Here is an example of how 4-wide SIMD is used to accelerate an "over" operation. Clear, yes? And no separate code needed for each ISA.
Here is an example that is even better, a fast implementation of exp2. Where are the intrinsics? They're all hidden behind the templating, because all the right functions and operators are overloaded, so you can say fast_exp2(float) or fast_exp2(vfloat4) or fast_exp2(vfloat8), or whatever. No fuss, no coding it separately for every ISA.
Last example, this time from OSL (which uses OIIO's simd.h, and please excuse the use of the old name, "float4" instead of the new name "vfloat4"), of how OSL implements Perlin noise with OIIO's simd classes. This works for both SSE and NEON, as well as fully non-SIMD on other architectures.
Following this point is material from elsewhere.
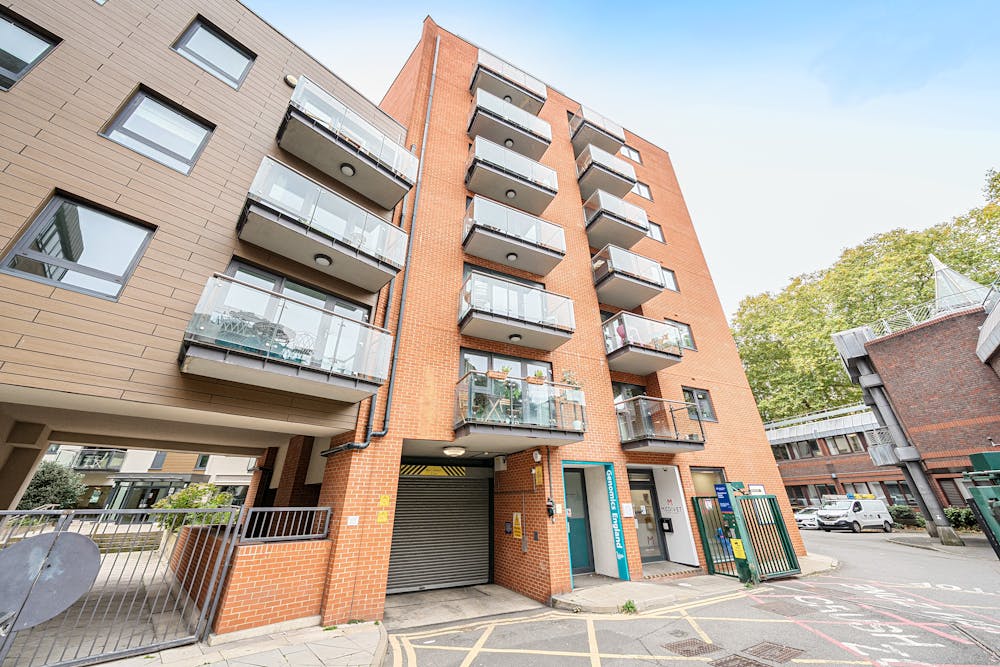 Charterhouse Building, 13 Clerkenwell Road - 1370497568f22aaa6d281ARW1.jpg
Honestly, there's nothing special about OIIO's simd.h. There are other implementations of SIMD vector classes out there that are roughly equivalent. But I want to make a case for the improved readability of restricting the literal reference to the intrinsic names to just one place in the code base, and wrap them with classes that make all the other scattered uses very intuitive, readable, maintainable even by non-experts, and templatable.
Thank you @lgritz , for bringing that to our attention! I agree, it's a much more readable and maintainable approach.
Sorry it took me so long to get back to this.
I'm very comfortable with intel intrinsics which is the main reason I did it this way. Personally, I like the simplicity of just using the intrinsic directly without needing to know inner workings of some complex wrapper. I also like being able to freely modified one platform with zero worry of effecting another. There are a few other reasons but I can totally see how people can be turned off by this approach.
I'll take a deeper look at OIIO simd header when I get some time but at first glance looks pretty straight forward. I'm not doing anything too fancy but also not sure how this would effect performance, without porting and measuring. Everything will need to be reworked if this is route we wish to take.
@lgritz out of curiosity, how does OIIO do single binary builds that support multiple x86 simd instruction sets dynamically?
OIIO doesn't currently do single binary builds that support multiple ISAs. It's chosen at build time. OSL does have something relevant, though, where certain functions that are worth building with ISA-specific instructions are put into a secondary library and compiled separately for several ISAs, then the specific one is incorporated at runtime via dlopen'ing the one that corresponds to the hardware found.
I think its good to remove the Draft.
There is a better SSE2 fallback I'd like to add for cpu's that don't have the F16C extensions, but I can do that in a later pull request.